As Liz Cheney Drops Senate Bid, Networks Replay 'Divisive,' 'Family Feud' Over Gay Marriage
All three networks on Monday morning hyped the news that Liz Cheney is dropping her bid for a U.S. Senate seat in Wyoming. ABC, CBS and NBC used the opportunity to replay the "divisive" "family feud" Mrs. Cheney had with her gay sister, Mary, as she defended traditional marriage. On CBS This Morning, Jan Crawford again quoted Mary Cheney publicly lecturing, "You're just wrong, and on the wrong side of history."
On the Today show, Kelly O'Donnell opined, "Her campaign was brief and divisive." [MP3 audio here.] She added, "But then her campaign exposed a stunningly public family feud over same-sex marriage, when sister Mary Cheney, and Mary's wife Heather Poe, criticized Liz's opposition to gay marriage." In addition to focusing on gay marriage, NBC highlighted this as a failure for the Cheney brand. O'Donnell concluded that a "famous name and fierce ambition wasn't enough."
On ABC's Good Morning America, George Stephanopoulos saw the primary campaign against incumbent conservative Mike Enzi as one that "has caused a lot of controversy, sparked a family feud."
Reporter Jeff Zeleny noted that the fight put Liz Cheney "at odds with her sister, Mary Cheney, and that caused the most controversy with a very private feud spilling out into public view."
CBS's Crawford also insisted that the daughter was seen as "this carpetbagger taking on this well-liked incumbent Republican." Carpetbagging wasn't considered too high a priority for journalists when Hillary Clinton decided to run for the Senate in New York.
There are a number of vulnerable Democratic Senate seats, including West Virginia, Arkansas, Alaska. So far, journalists haven't shown much interest in those elections, just a GOP primary in Wyoming that happened to involve a Cheney.
A transcript of the January 6 CBS This Morning segment is below:
07:10 am EST
NORAH O'DONNELL: And we turn to politics, and a surprise this morning from the daughter of former Vice President Dick Cheney. Liz Cheney says she is dropping out of the race for U.S. Senate in Wyoming.
Jan Crawford is in Washington with these new developments. Jan, good morning. So, why is she dropping out?
[CBS News Graphic: "Dropping Out: Liz Cheney Leaving Race For U.S. Senate Seat In WY"]
JAN CRAWFORD: Well, she's indicating this morning, in a statement, that it's for personal reasons. I mean, this is a really sudden end, Norah, to what was a rocky campaign – one that not only divided her family, but also top members of the Republican Party.

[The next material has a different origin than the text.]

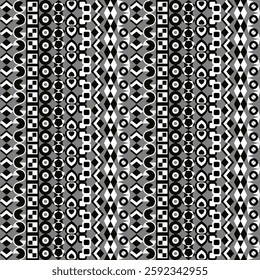 Geometric seamless pattern design for fabric print, cloth, dress, carpet, curtains, border, background and wallpaper.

Now, in this statement, she points to some health reasons. She says, 'Serious health issues have recently arisen in our family, and under the circumstances, I have decided to discontinue my campaign. My children and their futures were the motivation for our campaign, and their health and well-being will always be my overriding priority.'
Now, we don't know who has this health issue, but her entire family has been in the spotlight after Cheney declared her opposition to same-sex marriage. Now, that upset her sister, Mary, who is a lesbian. She said at the time on Facebook, 'Liz this isn't just an issue on which we disagree. You're just wrong, and on the wrong side of history.' That drew in Dick Cheney, if you recall. He came out with a statement saying, 'Liz has always believed in the traditional definition of marriage. She has also always treated her sister and her sister's family with love and respect. Liz's many kindnesses shouldn't be used to distort her position.'
Now, Liz Cheney moved to Wyoming in 2012, and she was also, kind of, seen as this carpetbagger taking on this well-liked incumbent Republican, Mike Enzi. So, some top Republicans never embraced her candidacy. They worried it would hurt the Republican Party. And this announcement this morning all but guarantees that Enzi is, in fact, going get that fourth term. Norah and Charlie?